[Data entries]
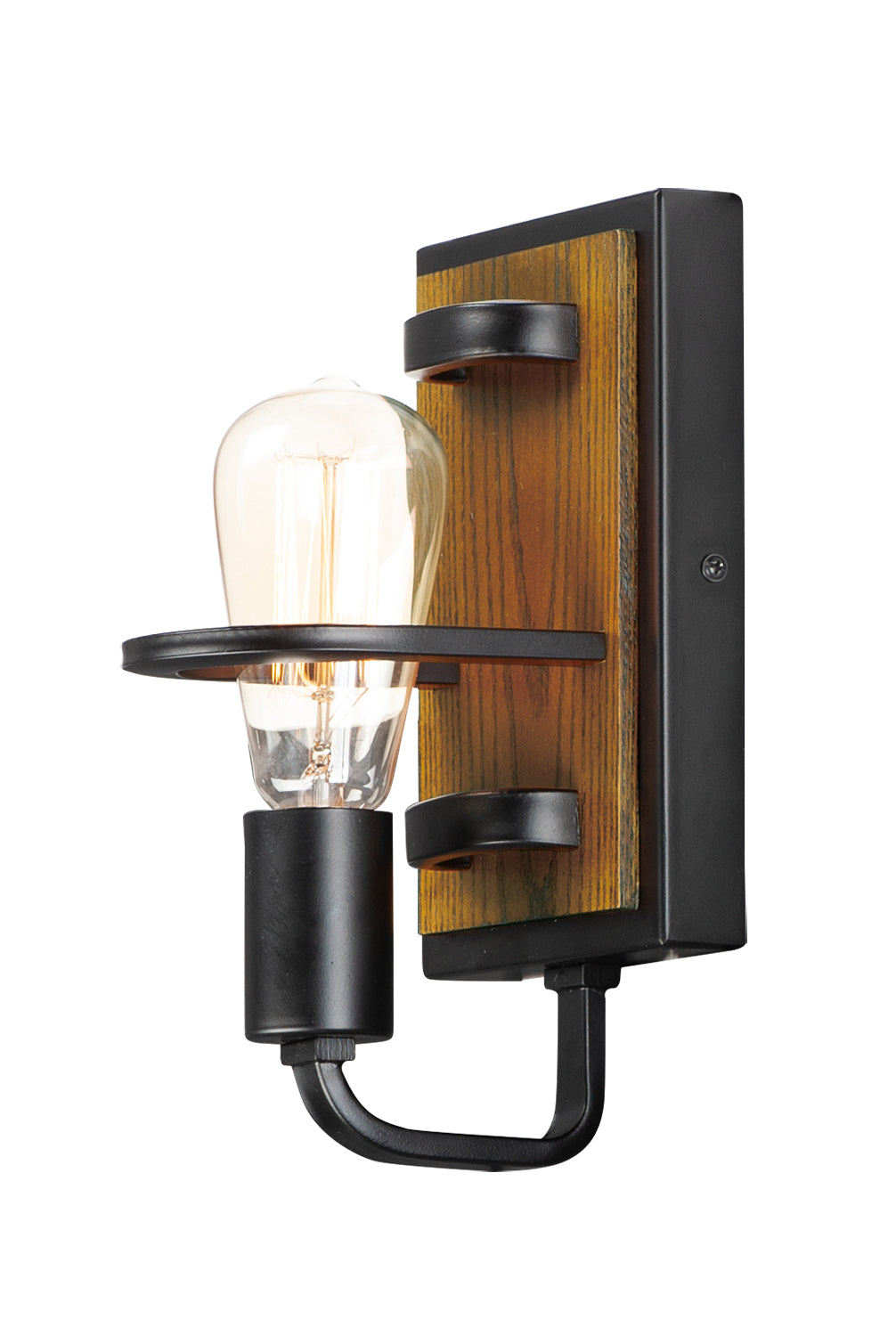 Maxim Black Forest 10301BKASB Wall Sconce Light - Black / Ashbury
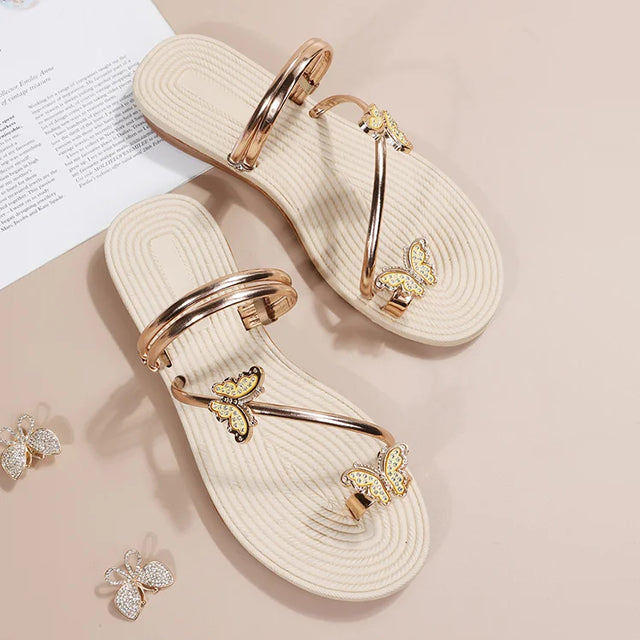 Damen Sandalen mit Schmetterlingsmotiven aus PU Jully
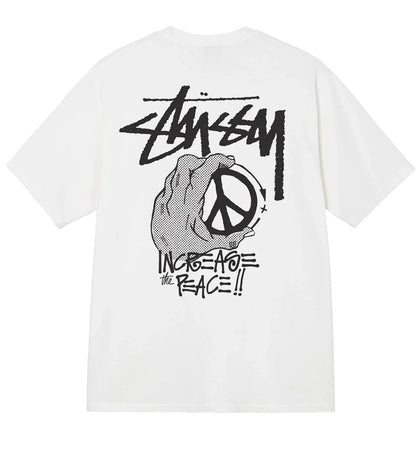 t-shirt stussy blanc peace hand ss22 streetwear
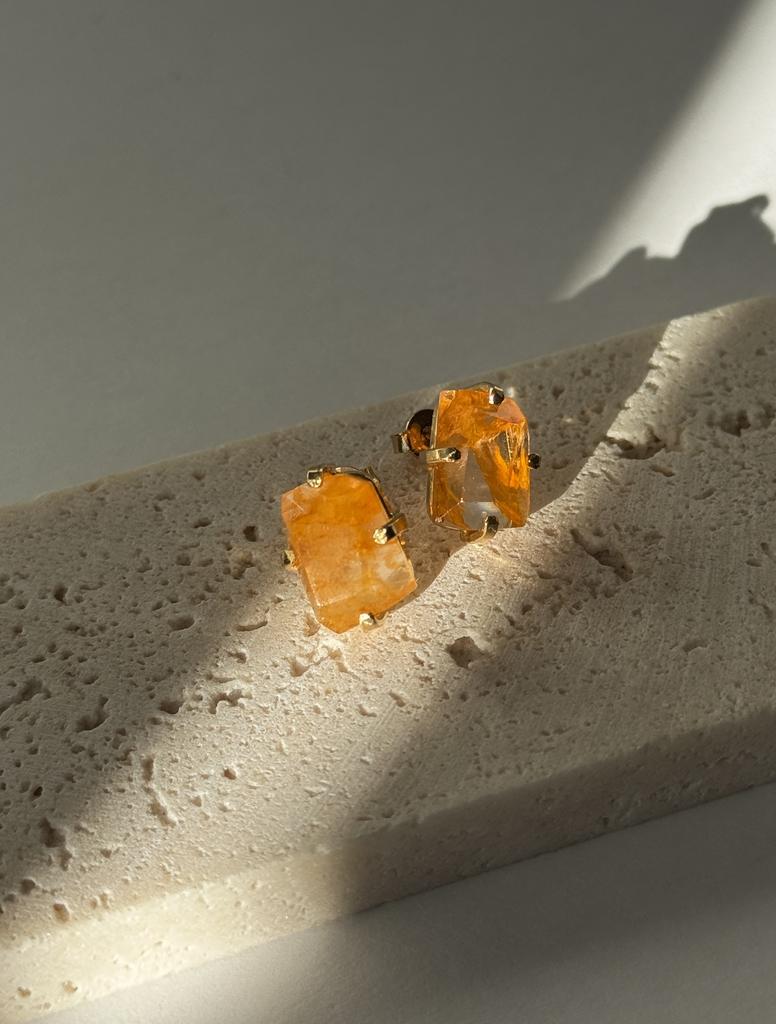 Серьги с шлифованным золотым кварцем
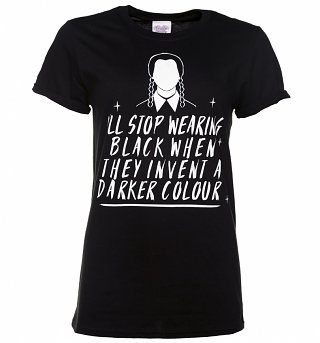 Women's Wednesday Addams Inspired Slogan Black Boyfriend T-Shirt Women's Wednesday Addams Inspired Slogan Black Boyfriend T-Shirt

▶ ACTION ITEM
Return verbatim every line from the line containing "t-shirt stussy blanc" to the last line of the entries above, inclusive, and leave out the pictures.

▶ EXERCISE ANSWER
 t-shirt stussy blanc peace hand ss22 streetwear
 Серьги с шлифованным золотым кварцем
 Women's Wednesday Addams Inspired Slogan Black Boyfriend T-Shirt Women's Wednesday Addams Inspired Slogan Black Boyfriend T-Shirt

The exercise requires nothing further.